** Opening Data listing block **
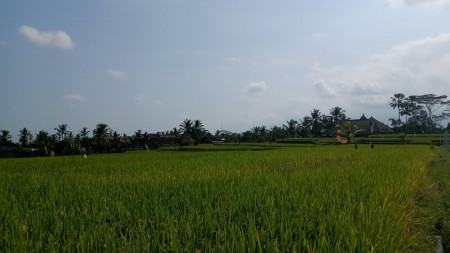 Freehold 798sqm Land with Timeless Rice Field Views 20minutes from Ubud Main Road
** Closing Data listing block **
** Opening Data listing block **
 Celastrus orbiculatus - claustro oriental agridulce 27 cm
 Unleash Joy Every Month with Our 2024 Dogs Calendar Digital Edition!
** Closing Data listing block **
** Opening Data listing block **
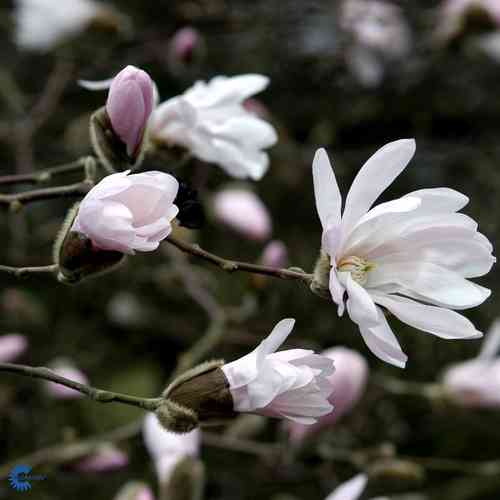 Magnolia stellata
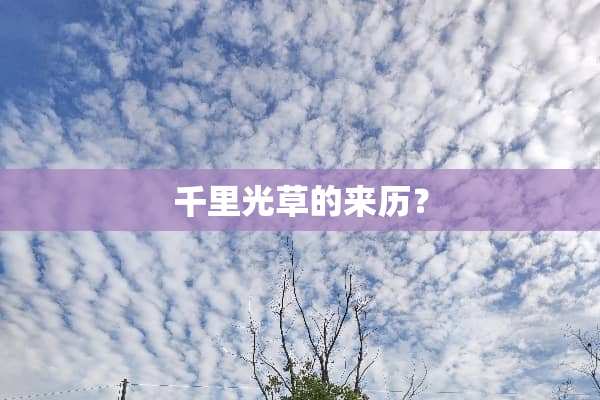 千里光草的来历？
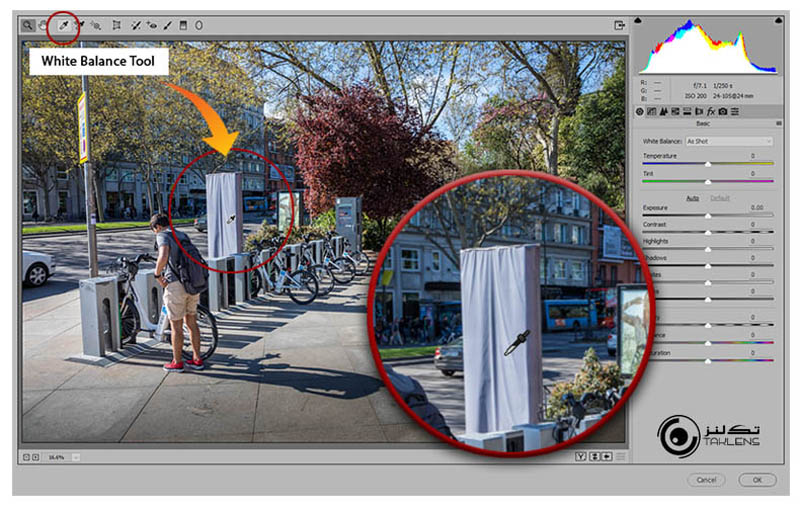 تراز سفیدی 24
** Closing Data listing block **
| Exercise details |
Output, from the data above, the lines from the line with "Celastrus orbiculatus - claustro" to the line with "Unleash Joy Every" exactly as they stand, both ends included and nothing else.

| Output of the task |
 Celastrus orbiculatus - claustro oriental agridulce 27 cm
 Unleash Joy Every Month with Our 2024 Dogs Calendar Digital Edition!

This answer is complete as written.